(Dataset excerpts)
####
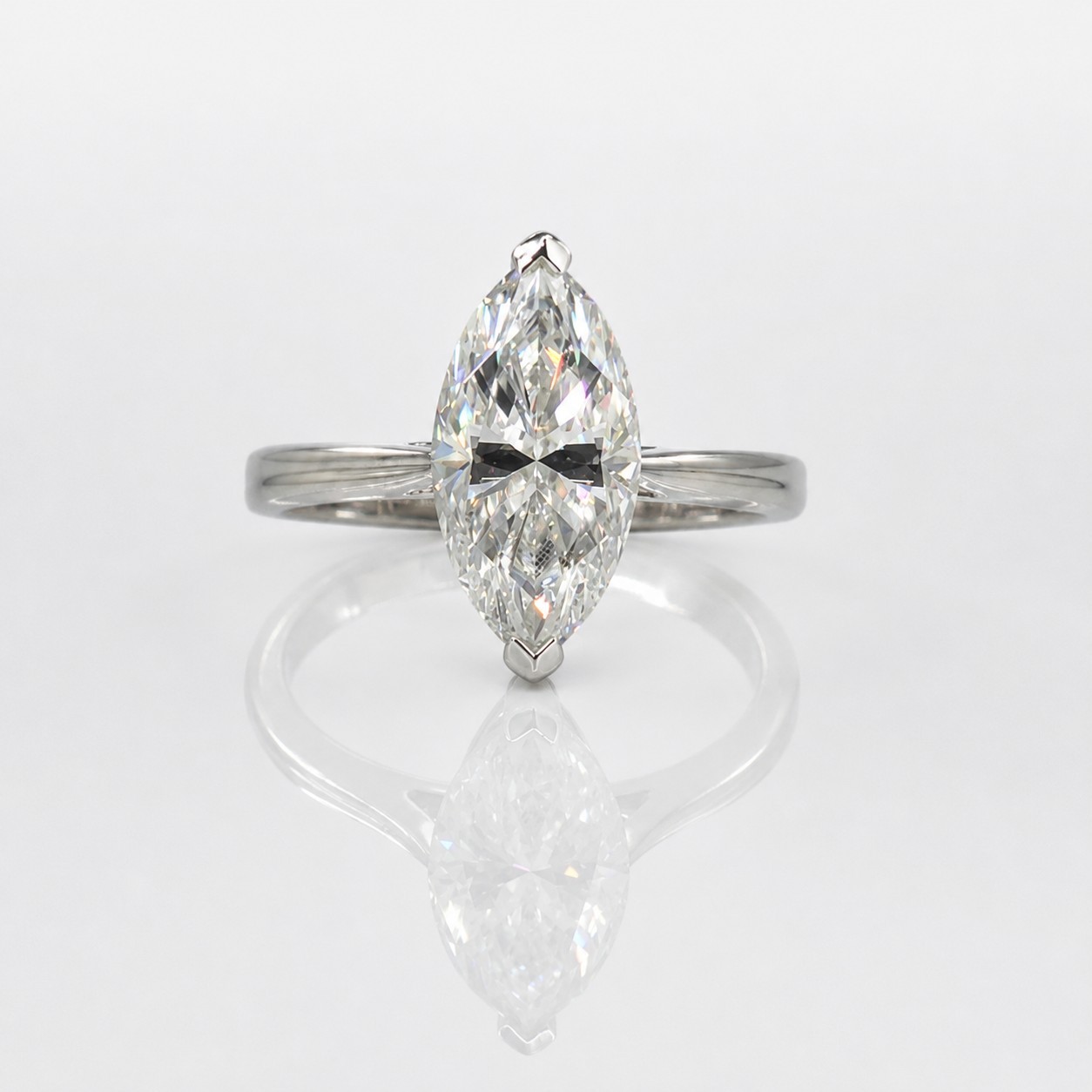 2.585 CT Marquise Cut 925 Moissanite Ring I GRA Certified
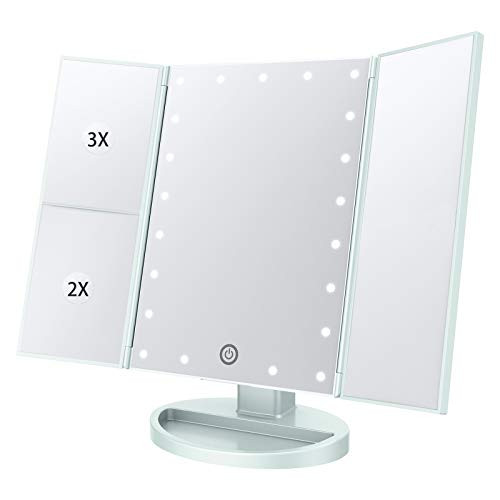 BESTOPE Makeup Mirror with Lights 21 Led Light Up Mirror with 2X-3X Magnification Vanity Mirror with Lights Touch Screen 180 Degree Rotation Dual Power Supply-Green- BESTOPE Makeup Mirror with Lights 21 Led Light Up Mirror with 2X-3X Magnification Vanity Mirror with Lights Touch Screen 180 Degree Rotation Dual Power Supply-Green-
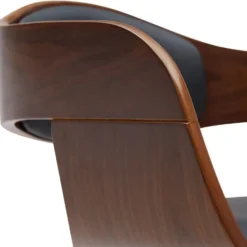 CLP Barkruk Kingston mat zwart Frame - Kunstleer - walnoot/zwart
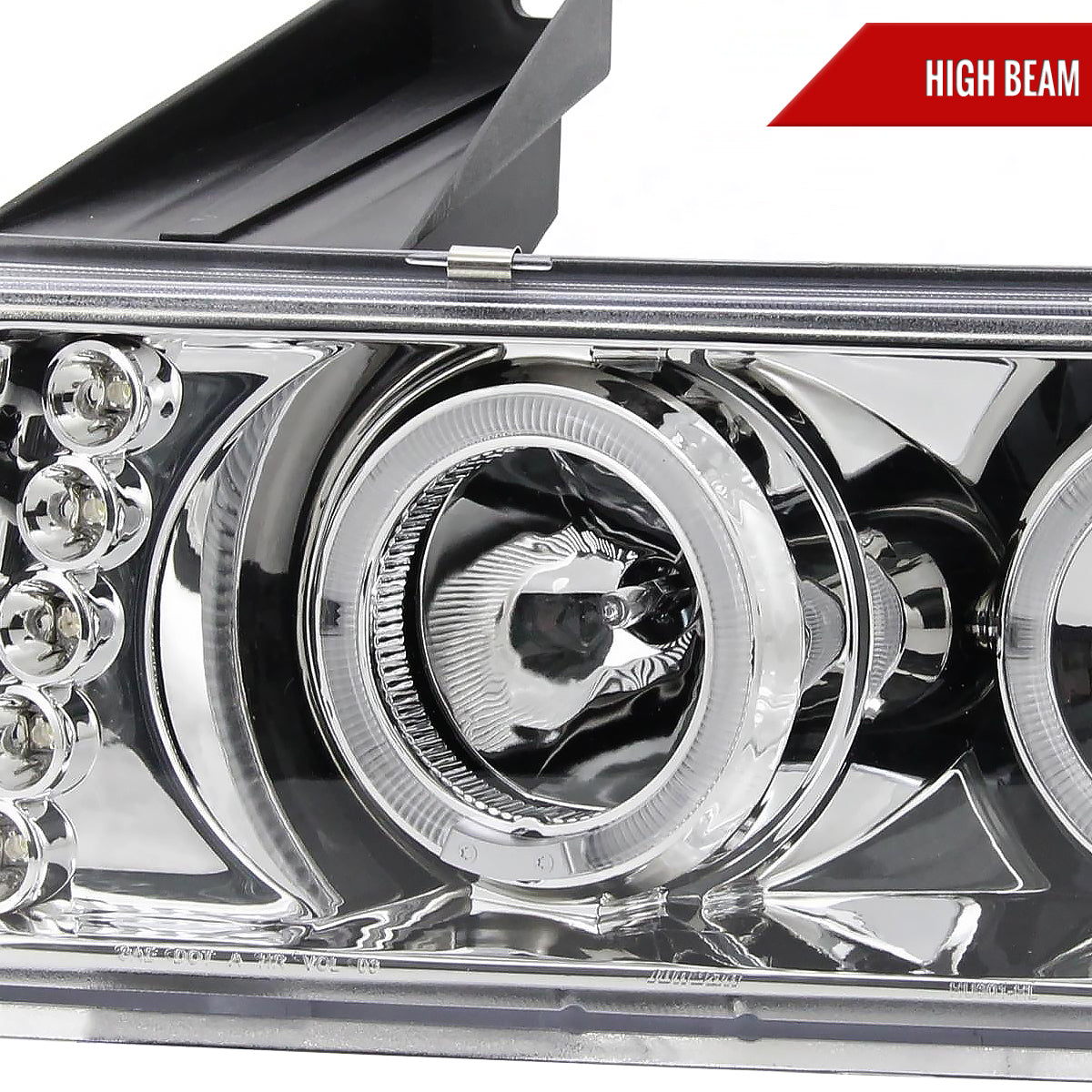 2004-2012 Chevrolet Colorado/GMC Canyon Dual Halo Projector Headlights with Corner Turn Signal Bumper Lights (Chrome Housing/Clear Lens)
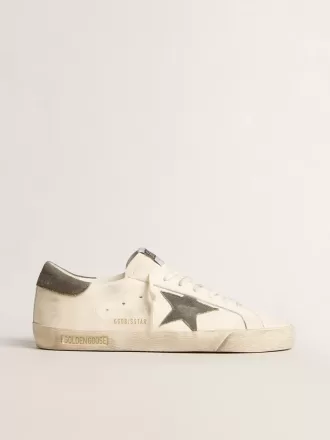 Super-Star din piele nappa cu stea și călcâi din piele de căprioară gri Super-Star din piele nappa cu stea și călcâi din piele de căprioară gri
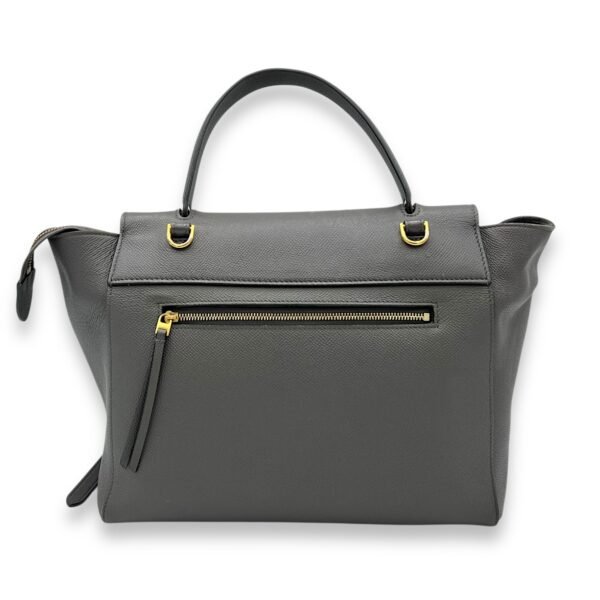 Belt Mini Grey Top Handle Bag in Calfskin, Gold hardware - Image 2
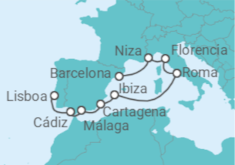 Itinerario del Crucero Resplandor italiano e ibérico - Oceania Cruises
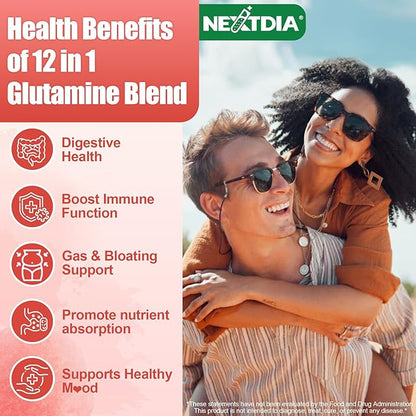 L-Glutamine 1200mg Gut & Immune Support Gummies,Leaky Gut Repair Supplement with Slippery Elm,Marshmallow Root,Ginger Root,Arabinogalactan,Organic Aloe,Vitamin C,Vitamin D3,Zinc,Sugar-Free | 120 Count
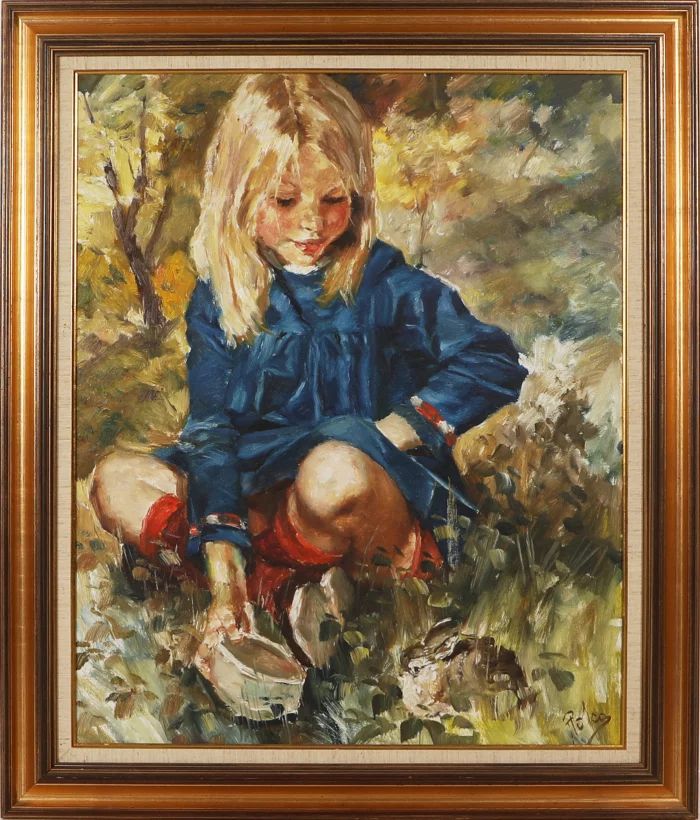 Peinture à lhuile "Fille au lapin" de Charles Roka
####
Return every line above exactly, omitting images.

 2.585 CT Marquise Cut 925 Moissanite Ring I GRA Certified
 BESTOPE Makeup Mirror with Lights 21 Led Light Up Mirror with 2X-3X Magnification Vanity Mirror with Lights Touch Screen 180 Degree Rotation Dual Power Supply-Green- BESTOPE Makeup Mirror with Lights 21 Led Light Up Mirror with 2X-3X Magnification Vanity Mirror with Lights Touch Screen 180 Degree Rotation Dual Power Supply-Green-
 CLP Barkruk Kingston mat zwart Frame - Kunstleer - walnoot/zwart
 2004-2012 Chevrolet Colorado/GMC Canyon Dual Halo Projector Headlights with Corner Turn Signal Bumper Lights (Chrome Housing/Clear Lens)
 Super-Star din piele nappa cu stea și călcâi din piele de căprioară gri Super-Star din piele nappa cu stea și călcâi din piele de căprioară gri
 Belt Mini Grey Top Handle Bag in Calfskin, Gold hardware - Image 2
 Itinerario del Crucero Resplandor italiano e ibérico - Oceania Cruises
 L-Glutamine 1200mg Gut & Immune Support Gummies,Leaky Gut Repair Supplement with Slippery Elm,Marshmallow Root,Ginger Root,Arabinogalactan,Organic Aloe,Vitamin C,Vitamin D3,Zinc,Sugar-Free | 120 Count
 Peinture à lhuile "Fille au lapin" de Charles Roka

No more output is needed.